John felt the weakness in his legs. It was something he’d never known before. He wondered if he would be able to run if he needed to, let alone trek through snow-laden forests. He had always been able to rely on his body, whether it was to shoot a basket to win a game or to scale a wall in basic training. He hoped it wouldn’t let him down now, not when he needed it most. Not when someone else was relying on him and the mission itself depended on it. He made his way to the bedroom, reveling in the feeling of sitting on the bed, knowing it would be the last time he’d feel comfort like that for a while. He dropped the microfilm into the secret compartment in the backpack and zipped it closed again. His pistols were clean, and he shoved one into his coat pocket, the other down into his backpack. John stood up, ready. He looked around the room one last time, and then down at the floorboards, thinking about the decaying body of the Gestapo officer they’d stowed underneath. The room seemed clean—nothing to signify upon loose inspection what had happened here. He took the oil lamp with him, leaving only darkness behind.
Franka had packed the lighter food into her own bag, leaving the cans and water bottles on the kitchen table.
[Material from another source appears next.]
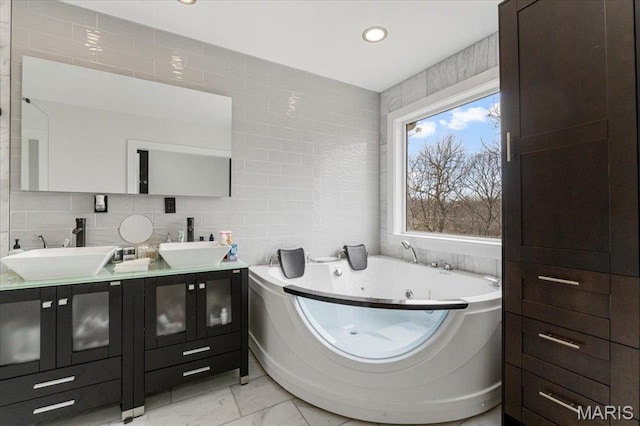 9 Amber Ridge Ct, High Ridge, MO 63049 - bathroom with tile walls, marble look tiles, double vanity, a jetted tub, and recessed lighting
John packed them into his bag, feeling the weight double. It was still nothing like Guadalcanal, or even basic. He could take it.
The sky was clear as he stepped outside. No clouds meant no snow, but also no insulation. He had been in Germany almost six weeks, had only spoken to one person, and had barely left the cabin. It was time for him to complete his mission.
Franka folded her change of clothes and placed it into an old rucksack that had gone untouched for ten years or more. Her hands were still shaking, perhaps from what had happened, or perhaps at the thought of what was to happen. It was hard to tell where one feeling ended and the other began. She worked through the route again in her head. She had skied those back roads as a teenager during winters and hiked them on warm summer days. She had never driven them. They weren’t roads as much as mere suggestions of corridors through the forest. She had little idea how far they could get but knew they had no other option. The Gestapo would show no mercy for killing one of their own.